Housing The Government has proposed tax incentives to achieve the ‘Housing for All’ target by 2022 and is expected to introduce a new model tenancy law to boost the fragmented rental housing market. Country’s rental market is estimated to be around $20 billion. While urban areas account $13.5 billion, around $0.8 billion comes from rural areas.
However even after 4 years after its launch, the Pradhan Mantri Awas Yojana-Urban (PMAY-U), just 20 per cent houses have been completed, while another 52 per cent are grounded for construction. Out of Rs.1 lakh crore Central assistance sanctioned for the scheme, the government has released just Rs.34,000 crore. PMAY-U is being implemented by the Union Ministry of Housing and Urban Affairs since June 2015 to provide houses to the Economically Weaker Sections (EWS), Lower Income Group (LIG) and Middle Income Group (MIG) category people.
Electrification Prime Minister Narendra Modi on April 29, 2018, had declared that 6 lakh villages were electrified by 100 percent. However official data, reveals that only 7.3 % of the total Indian villages, are having 100% household connectivity, and about 31 million homes are still in the dark. The government deems a village “electrified” if power cables from the grid reach a transformer in each village and to 10% of its households.
However homes without electricity are spread across Assam, Bihar, Jharkhand, Odisha, Madhya Pradesh, and Rajasthan, with each having nearly 6 million unconnected households. Uttar Pradesh, the giant north Indian state, accounts for 14.6 million households without electricity access, followed by Odisha and Bihar. By and large the is required to electrify about 5 million households every month—about four times the current rate of 1.3 million households to meet its target.
The successful launch of “Chandrayaan-2” is another shot in arm.

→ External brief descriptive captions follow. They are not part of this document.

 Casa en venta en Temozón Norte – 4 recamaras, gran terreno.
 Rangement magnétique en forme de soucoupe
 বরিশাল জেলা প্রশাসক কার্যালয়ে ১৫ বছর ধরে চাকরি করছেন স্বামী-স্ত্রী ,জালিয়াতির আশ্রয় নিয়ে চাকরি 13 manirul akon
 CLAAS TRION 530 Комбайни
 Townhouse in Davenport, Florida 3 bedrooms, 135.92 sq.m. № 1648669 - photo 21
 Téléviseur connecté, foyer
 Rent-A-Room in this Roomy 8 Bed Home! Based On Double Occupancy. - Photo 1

It is the nation’s first lunar landing mission. The payloads aboard Chandrayaan-2 will help in understanding the origin of moon and how it is related to the earth. It consists of an orbiter, a lander and a rover together referred to as “composite body”. It will be injected into an Earth parking orbit.
Besides the Government has put its best foot forward with the launch of New Space India Limited (NSIL), to look after launch vehicles, to focus on transfer of technology (TOT) and to help the Indian space agency- Indian Space Research Organisation (ISRO), to commercialise its launch vehicle and other state of the art technologies in the global space market. NSIL will act in coordination with ANTRIX, ISRO’s another commercial arm.

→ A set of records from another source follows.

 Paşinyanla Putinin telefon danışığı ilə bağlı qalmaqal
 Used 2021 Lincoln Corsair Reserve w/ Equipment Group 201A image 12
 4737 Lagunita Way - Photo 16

ISRO is also planning to put up its very own 30 ton space station in the orbit by the end of 2030. “Ganganyaan”, is ISRO’s another ambitious indigenous human spaceflight programme, to send astronauts to space is already underway. It envisages two unmanned and one manned flight, with three member crew space craft. Three Indian astronauts will be sent to space for up to seven days by 2022.
India is expected to become one of the most powerful countries in the time to come. Let us hope that we become super power by 2030.